WHAT TO PRODUCE> Please print, exactly, only the lines in the entries below from the line that has "Hustle с кожа" through the line that has "LOWER - 830". Pictures don't go in.

DATA EXCERPTS>
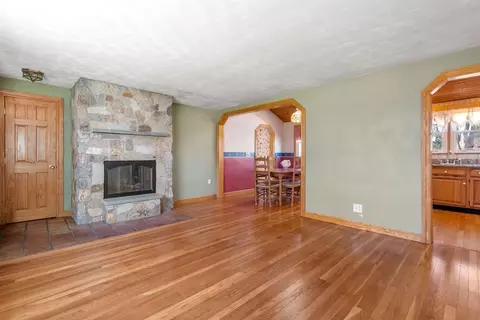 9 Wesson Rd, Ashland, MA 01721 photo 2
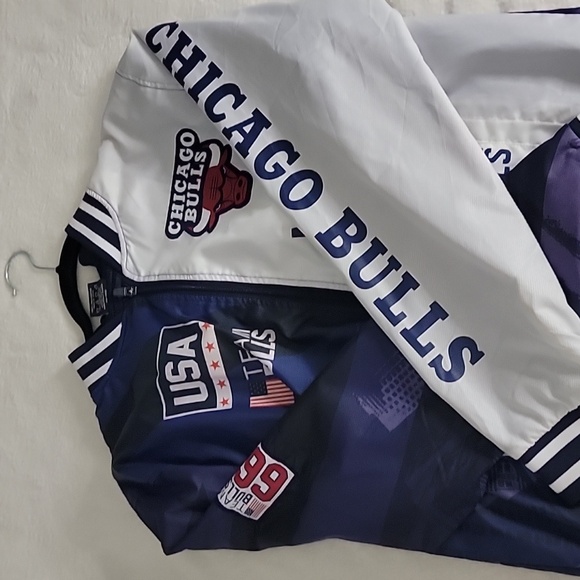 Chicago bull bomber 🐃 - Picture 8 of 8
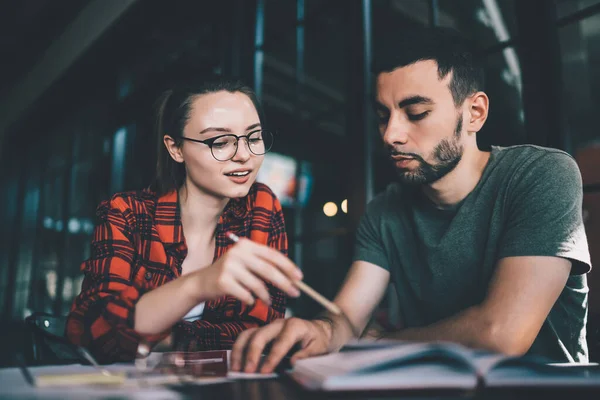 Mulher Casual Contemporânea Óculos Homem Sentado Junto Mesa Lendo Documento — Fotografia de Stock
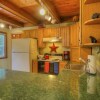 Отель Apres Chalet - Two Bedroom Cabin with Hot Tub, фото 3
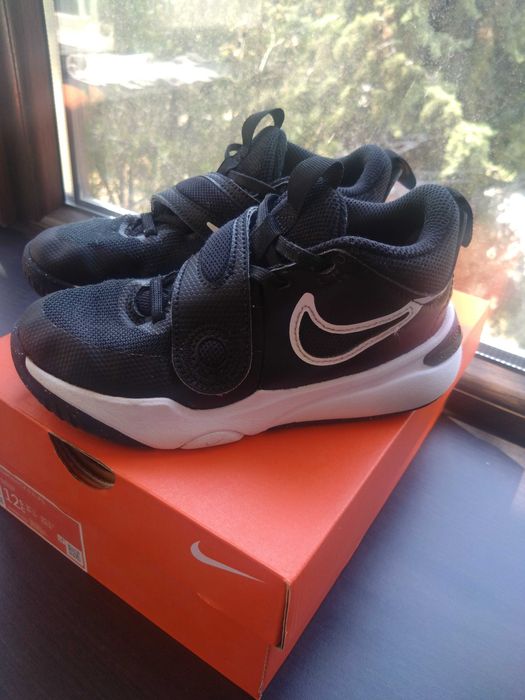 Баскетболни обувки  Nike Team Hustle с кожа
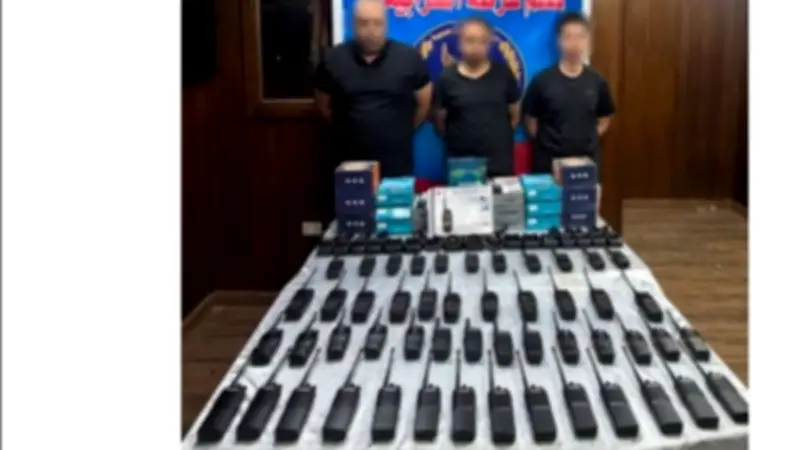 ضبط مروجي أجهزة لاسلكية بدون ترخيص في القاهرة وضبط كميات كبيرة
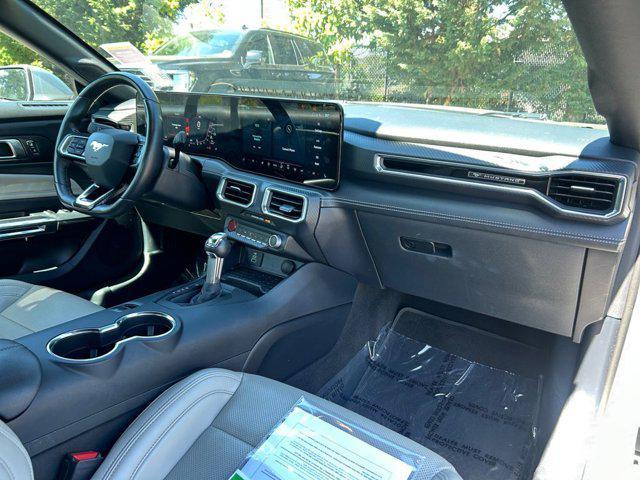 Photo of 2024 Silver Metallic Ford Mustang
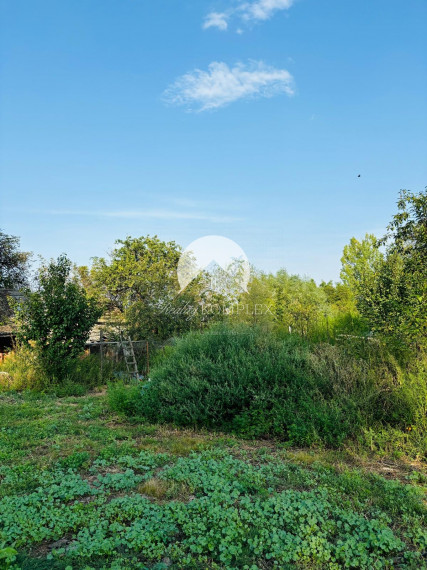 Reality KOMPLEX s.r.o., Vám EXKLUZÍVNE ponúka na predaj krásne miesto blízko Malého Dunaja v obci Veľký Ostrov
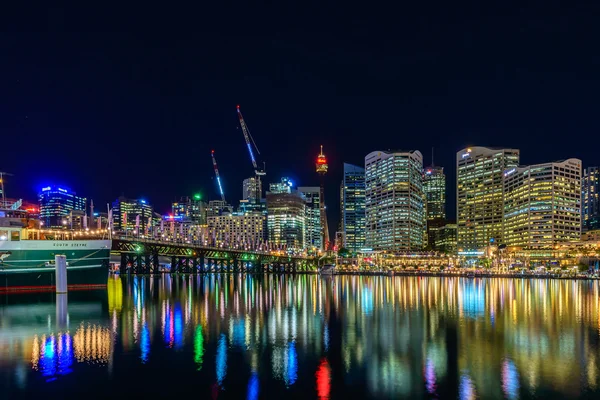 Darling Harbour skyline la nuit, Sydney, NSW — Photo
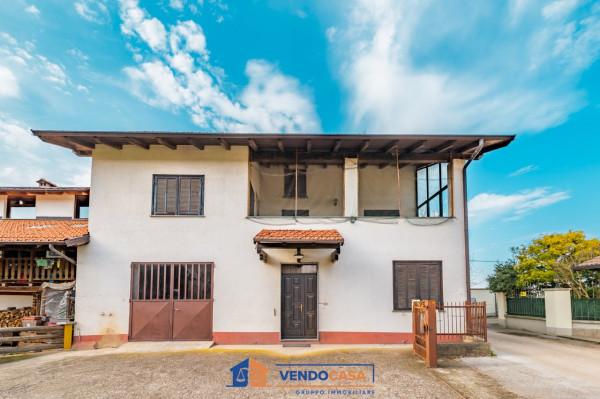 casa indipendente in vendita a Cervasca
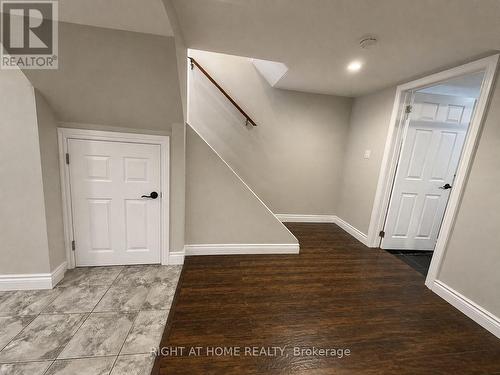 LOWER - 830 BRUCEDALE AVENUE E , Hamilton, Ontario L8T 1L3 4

--

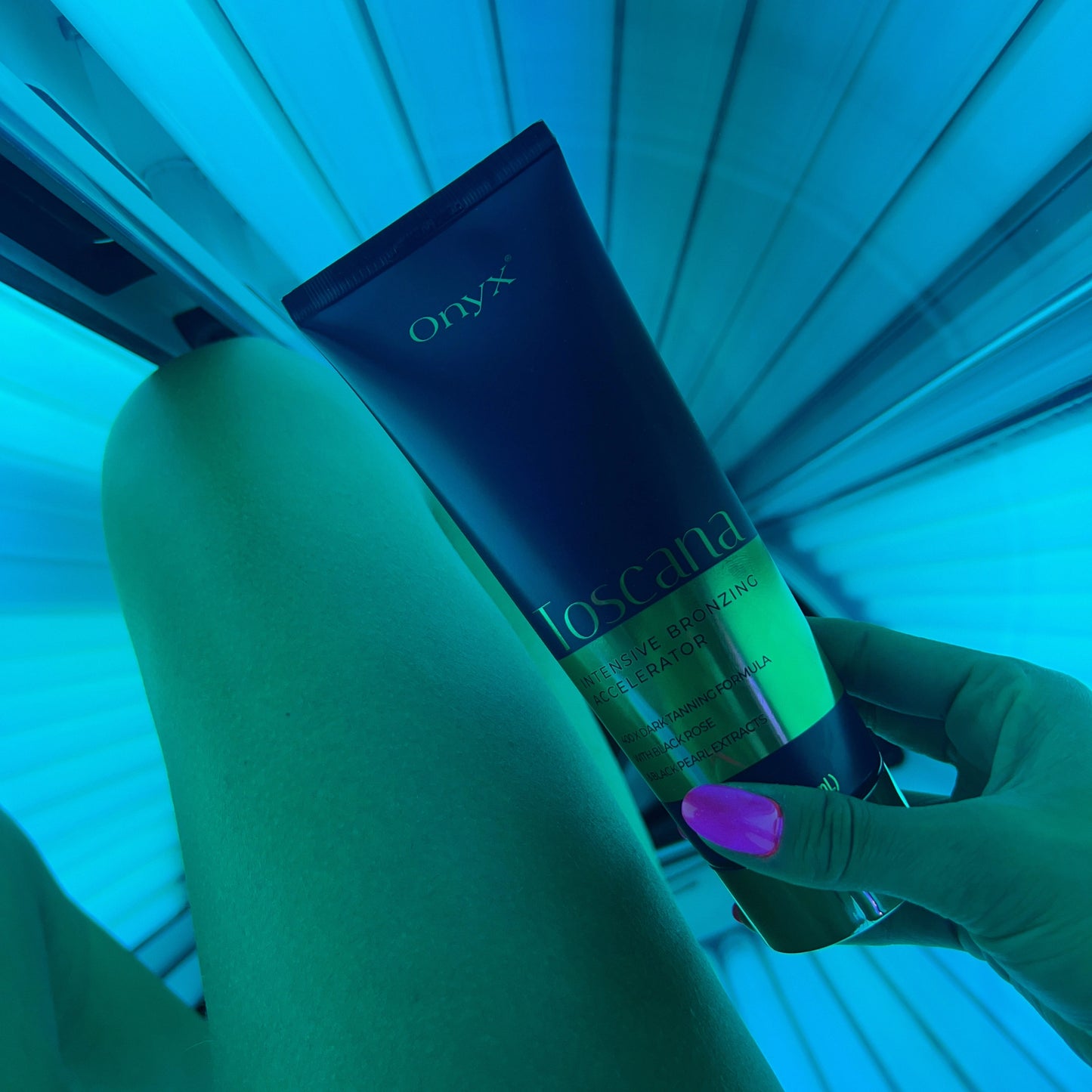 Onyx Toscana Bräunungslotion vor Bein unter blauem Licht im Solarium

EXPECTED ANSWER>
 Баскетболни обувки  Nike Team Hustle с кожа
 ضبط مروجي أجهزة لاسلكية بدون ترخيص في القاهرة وضبط كميات كبيرة
 Photo of 2024 Silver Metallic Ford Mustang
 Reality KOMPLEX s.r.o., Vám EXKLUZÍVNE ponúka na predaj krásne miesto blízko Malého Dunaja v obci Veľký Ostrov
 Darling Harbour skyline la nuit, Sydney, NSW — Photo
 casa indipendente in vendita a Cervasca
 LOWER - 830 BRUCEDALE AVENUE E , Hamilton, Ontario L8T 1L3 4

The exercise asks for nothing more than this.